While in graduate school at the University of Chicago I served as the scout master in our ward. On Good Friday in mid April we went camping at the Indian Dunes State Park, which at the time was enveloped by Indiana Dunes National Lakeshore.  In 2019 Indian Dunes National Lakeshore became the 61st national park.

Most if not all of these photos were at the state park.

Isle Royale National Park: Michigan

Joshua Tree National Park: California

June 2017

Southwest parks and recreation family vacation from Disneyland to Mesa Verde.  


Katmai National Park: Alaska

Kenai Fjords National Park: Alaska

November 2003, First trip to Alaska for the Middle East Studies Association in Anchorage. Not sure when I'll ever be able to visit Alaska's many other parks.

Kings Canyon National Park: California
July 2021

Kobuk Valley National Park: Alaska

Lake Clark National Park: Alaska

Lassen Volcanic National Park: California

2008 Volcanoes and Beaches family vacation

 Bumpass Hell.

Mammoth Cave National Park: Kentucky

Mesa Verde National Park: Colorado

 1965 Family trip.

Dad, Bob, Chad, Jake, Bill, Mom

Four Emmett children at center of photo.

Mary with the boys.

Summer 1972
Stop on the cross country youth bus trip. 

June 1973

Mom, Chad and Tom

June 2017

Southwest parks and recreation family vacation from Disneyland to Mesa Verde. 


Mount Rainier National Park: Washington

June 2018


Last national park on our epic visit to nine national parks in the US and Canada: Grand Teton, Yellowstone, Glacier, Waterton, Banff, Kootney, Yoho, Jasper, and Mt. Rainier.

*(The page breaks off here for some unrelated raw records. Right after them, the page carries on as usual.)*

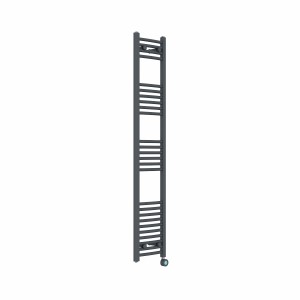 Fjord 1600 x 300mm Curved Anthracite Thermostatic Touch Control Electric Heated Towel Rail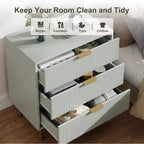 COZONY Cassettiera Moderna a 3 Cassetti per Camera da Letto, Verde con Maniglie Dorate, Organizzatore per Soggiorno, Corridoio, Ingresso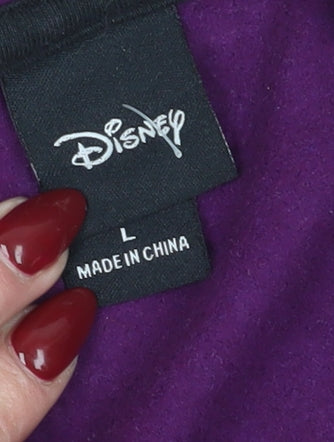 Womens UK Size L Disney Purple Henley Hoodie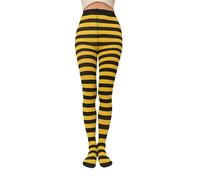 THINCAN Leggings sottili traspiranti morbidi a righe collant casual a vita alta elastici leggings da donna orizzontali a righe di lunghezza intera per uomo e donna, Giallo e nero wid, Taglia unica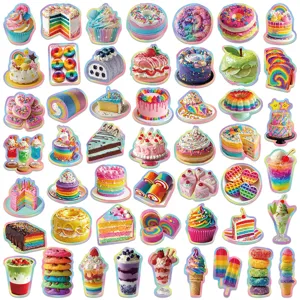50pcs colorful dopamine food stickers cute dessert cake ice cream waterproof DIY decals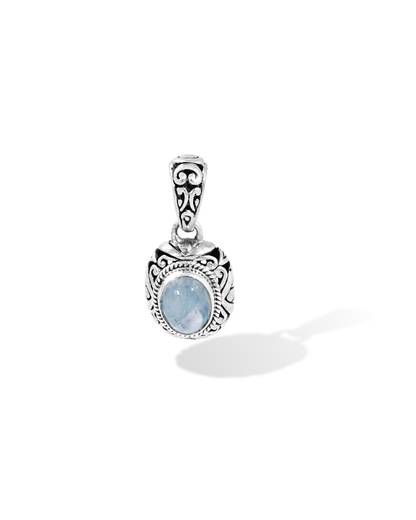Rainbow Moonstone Sterling Silver Pendant, Ornate Floral Filigree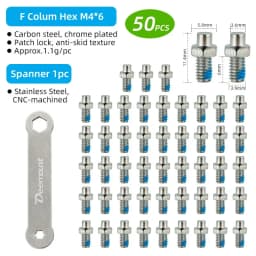 Deemount 25/50 PCS Bicycle Pedal Bolts M4 Steel Stud Pin Nail Cycle Anti-skid Spikes Bike Parts Optional Tool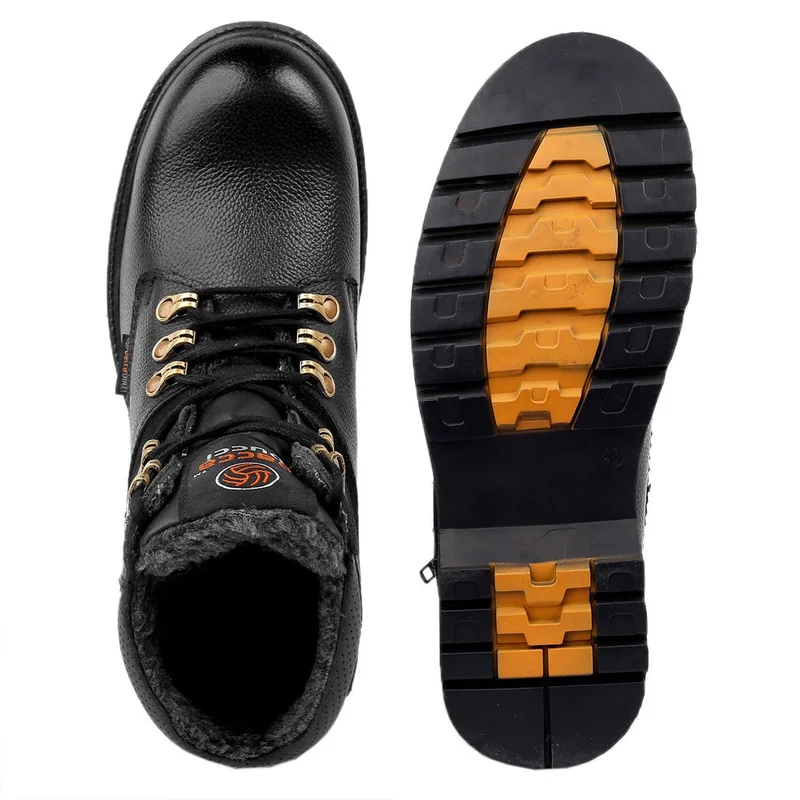 Bacca Bucci Black 6 Inches Steel Toe Cap Genuine Leather Boots with Fur for Men | Best Price UAE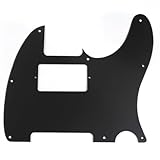 Musiclily 8 Hole Humbucker Tele Pickguard HH Scratch Plate for Fender USA/Mexican Standard Telecaster Modern Style Electric Guitar,1Ply Matte Black
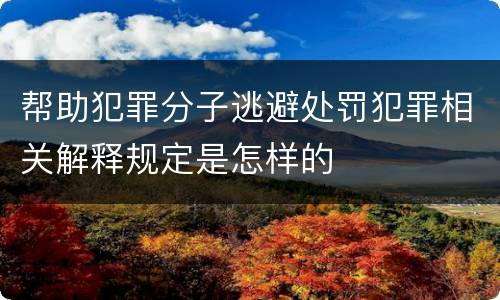 帮助犯罪分子逃避处罚犯罪相关解释规定是怎样的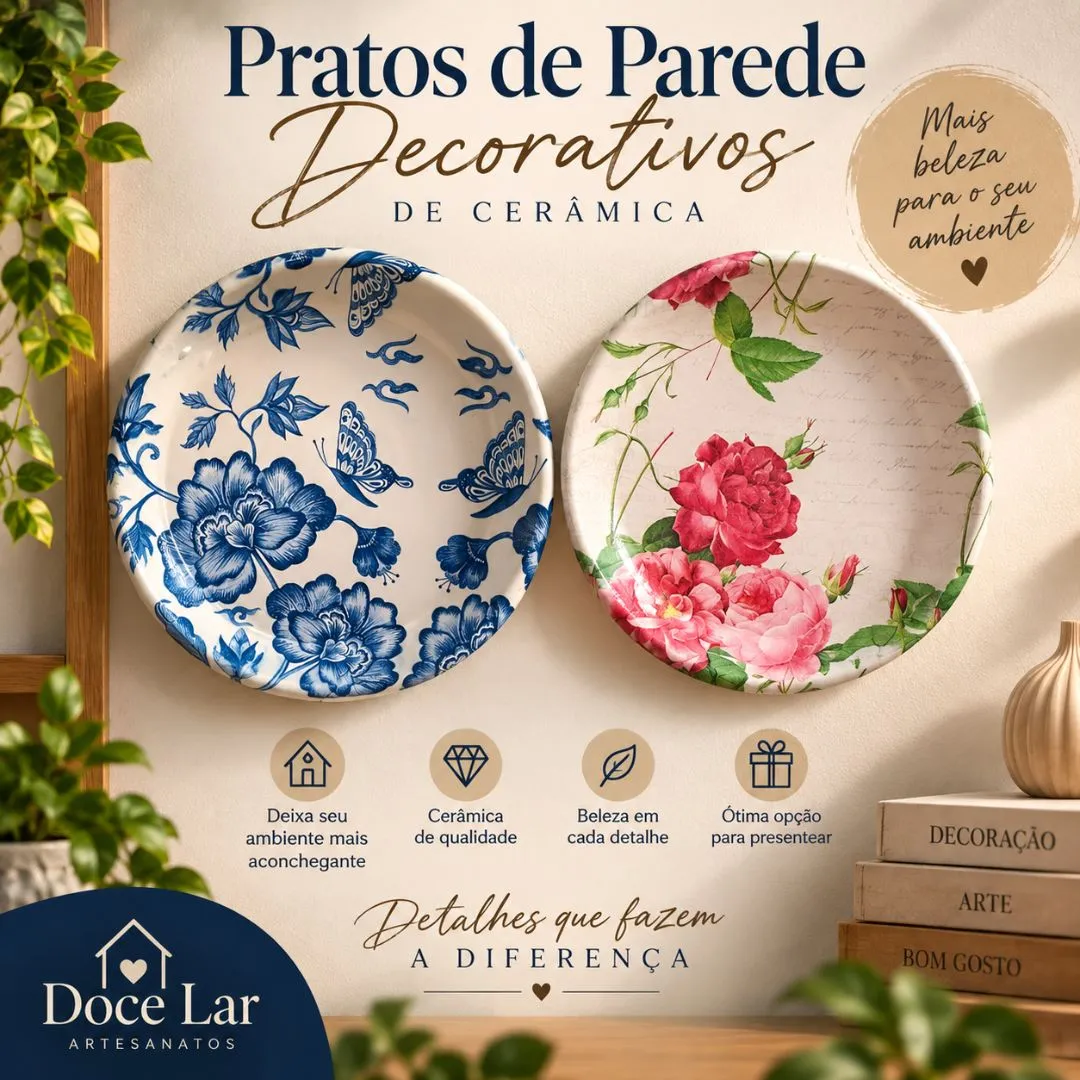 Kit 2 Prato de Parede Enfeite Decorativo De Cerâmica Artesanal Floral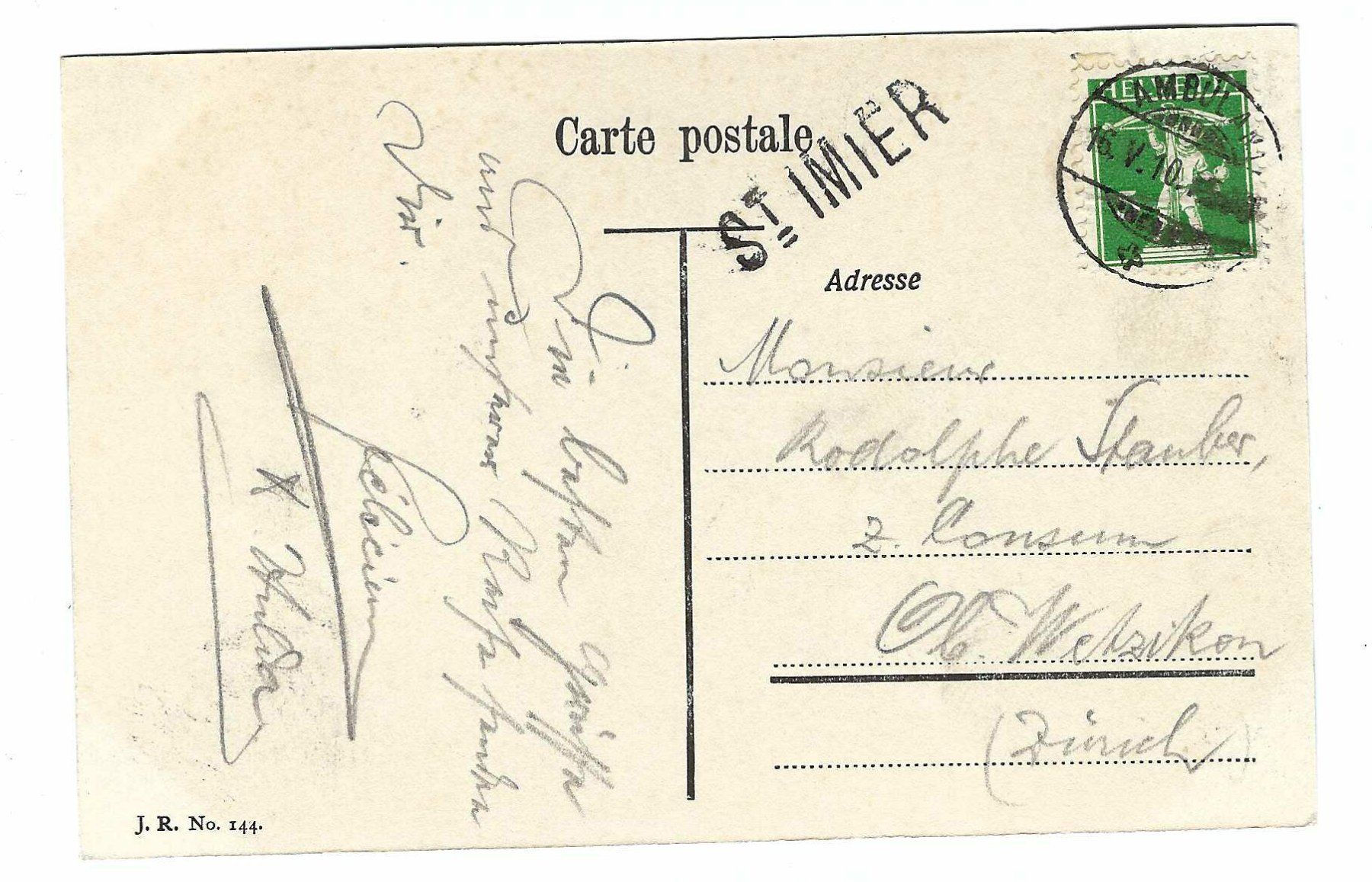 Tutti i francobolli: Stabstempel St. Imier 1910 hu – Usato da Aarau venduto da fussball-fussball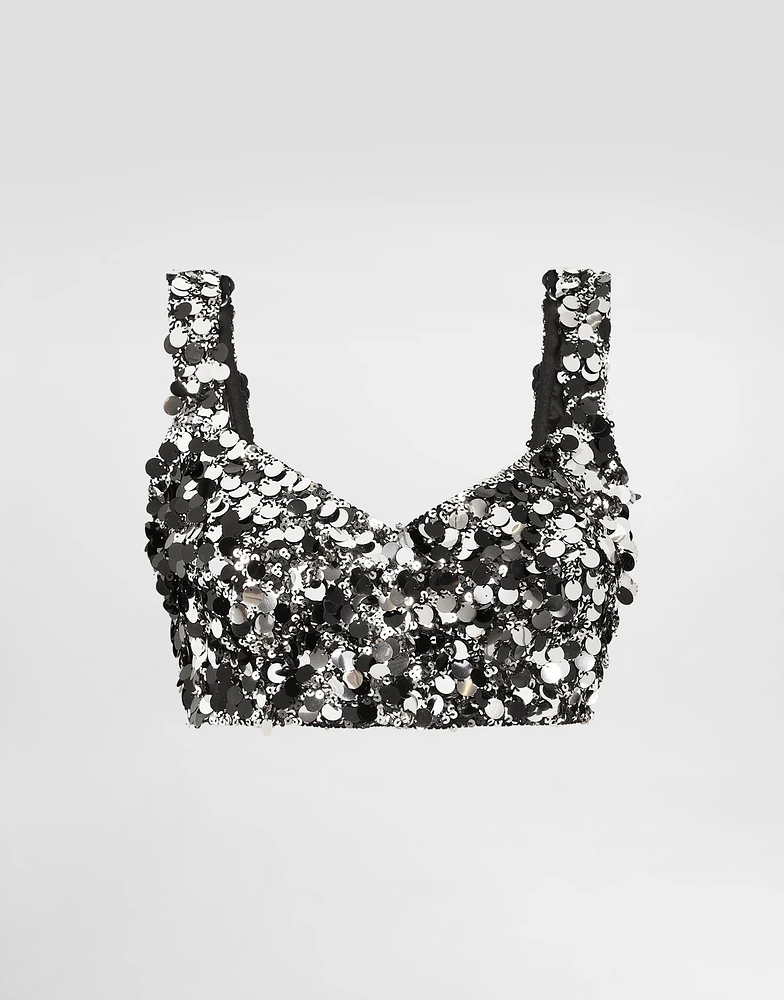Sequined bralette top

North Cascades National Park: Washington

Olympic National Park: Washington

May 1997 First leg of our honeymoon was a stay at a Bed and Breakfast in Port Angles then took a ferry to Victoria and then to Vancouver. One day we drove out to Olympic National Park to Second Beach and the Hoh Rain Forest. Marie was puzzled by my taking scenery photos along the way. She has since learned that that is part of the package.

The lovely bride.


The AAG annual conference in Seattle this time coincided with the kids' spring break so we drove to Seattle with a stay in rainy Forks from where we introduced our honeymoon spots to the children. 

Petrified Forest National Park: Arizona

Summer 1986
Road trip from Virginia to California to Utah to Chicago

June 2017

parks and recreation trip


Pinnacles National Park: California

Redwood National Park: California

April 1994

After attending a political geography conference in Eugene Oregon, several of us geographers drove down the Oregon coast to the main AAG meeting in San Francisco. We stopped in Redwood NP.

2008 Volcanoes and beach trip.

Rocky Mountain National Park: Colorado

August 1980

On our way home from a road trip in my new Toyota Tercel to Texas with roommates Gary Gabriel, and Bob DeWitt and long time friend Mark Ellsworth we "had a scenic drive through Rocky Mountain National Park" where we "took time for a short hike in the high mountain tundra. Beautiful in its own way." (September 1, 1980  journal entry)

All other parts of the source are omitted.